La libertà politica, sottoponendo a tutti i cittadini, senza eccezioni, la tutela e la valutazione dei loro interessi più sacri, amplia il loro spirito, nobilita i loro pensieri, e stabilisce fra di loro un genere di uguaglianza intellettuale che costituisce la gloria e il potere di un popolo. Guardate dunque come una nazione cresca con la prima istituzione che le restituisca l’esercizio regolare della libertà politica. Guardate i nostri concittadini di ogni classe e di ogni professione, come emergono dalla sfera dei loro soliti lavori e della loro privata industria, per trovarsi immediatamente al livello di importanti funzioni che le costituzioni conferiscono loro, e scegliere con discernimento, resistere con energia, sfidare le minacce, resistere nobilmente agli allettamenti. Guardate come un puro, profondo e sincero patriottismo trionfi nelle nostre città, resusciti i nostri più piccoli villaggi, pervada le nostre botteghe, ravvivi la nostra campagna, penetri gli spiriti giusti e onesti dei validi contadini e degli attivi commercianti con un senso dei propri diritti e della necessità di salvaguardarli; costoro, ammaestrati dalla serie di mali che hanno dovuto soffrire, e non meno consapevoli dei rimedi che tali mali richiedono, afferranno con un solo sguardo la Francia tutta, e, compiendo come nazione un atto di gratitudine, ripagano con il loro suffragio, dopo trenta anni, la fedeltà ai princìpi incarnati dal più illustre difensore della libertà [Monsieur de Lafayette, deputato della Sarthe].
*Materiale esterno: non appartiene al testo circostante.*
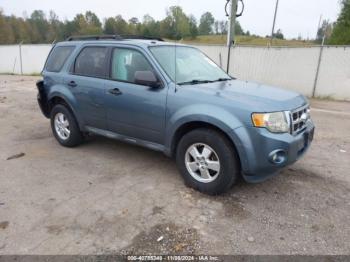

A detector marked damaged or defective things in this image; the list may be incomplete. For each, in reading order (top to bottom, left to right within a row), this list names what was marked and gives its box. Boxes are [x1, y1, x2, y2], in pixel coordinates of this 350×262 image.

cracked asphalt [0, 74, 348, 255]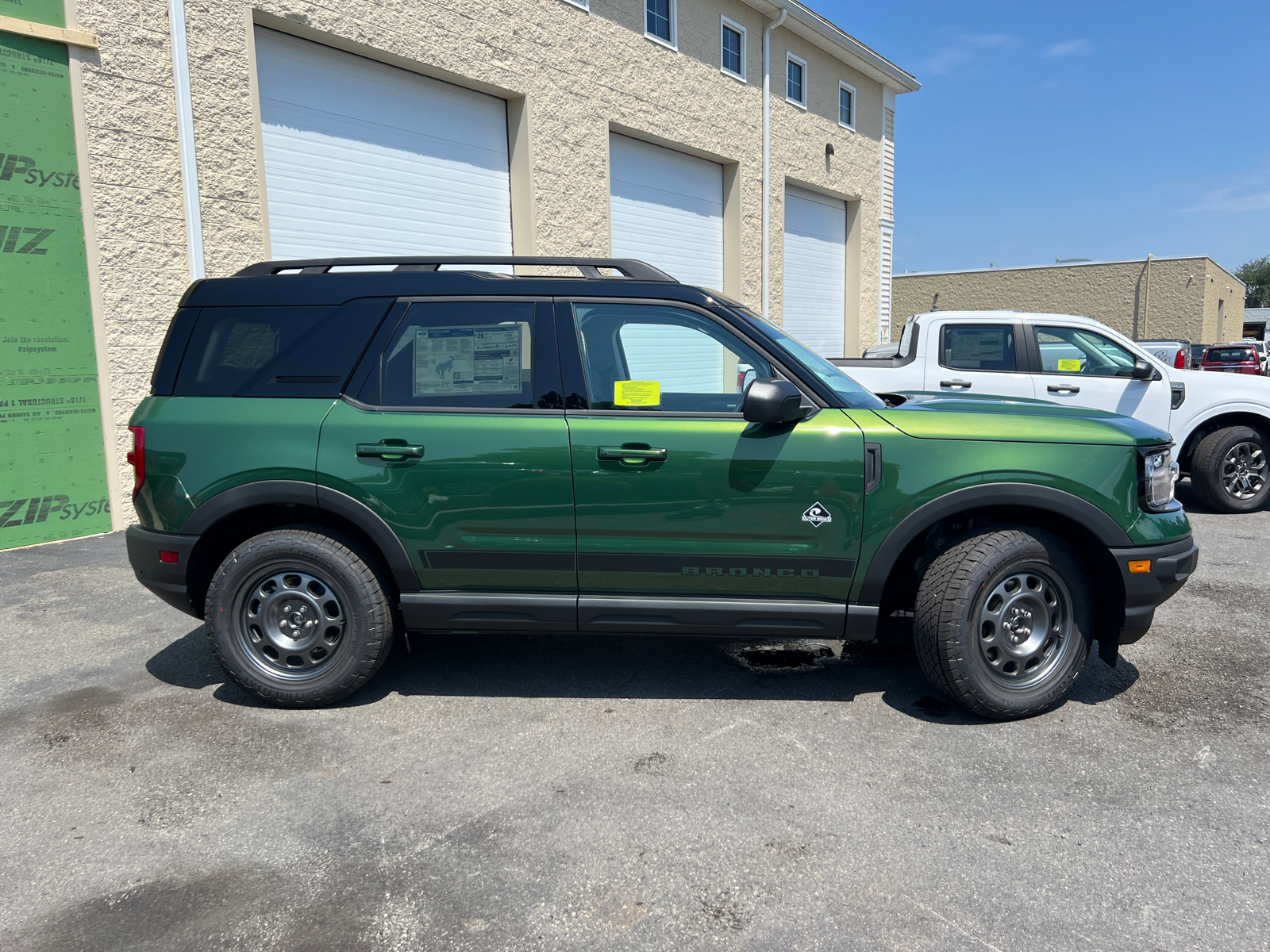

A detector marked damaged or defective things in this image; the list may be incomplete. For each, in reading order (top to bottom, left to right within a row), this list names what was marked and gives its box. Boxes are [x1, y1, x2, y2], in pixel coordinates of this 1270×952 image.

cracked asphalt [0, 487, 1264, 949]
patched asphalt [0, 487, 1264, 949]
Pertanto, Signori, lungi dal rinunciare all’una o all’altra delle due forme di libertà che vi ho descritto, è necessario, come vi ho mostrato, imparare a combinarle insieme. Le istituzioni … devono realizzare il destino della razza umana; esse possono conseguire il loro scopo al meglio se innalzano il maggior numero possibile di cittadini alla posizione morale più elevata.

L’opera del legislatore non è completa se egli ha semplicemente recato la pace alla gente.

Perfino quando il popolo è soddisfatto, c’è ancora molto da fare. Le istituzioni devono conseguire l’educazione morale dei cittadini. Rispettando i loro diritti individuali, assicurandone l’indipendenza, astenendosi dal turbare il loro lavoro, esse devono nondimeno proteggere come cosa sacra l’influenza che costoro esercitano sulle faccende pubbliche, chiedendo loro di contribuire con il loro voto all’esercizio del potere, garantendo loro il diritto di controllo e supervisione mediante l’espressione delle loro opinioni; e, formandoli per queste elevate funzioni tramite la pratica, dare loro tanto il desiderio quanto il diritto di eseguirle.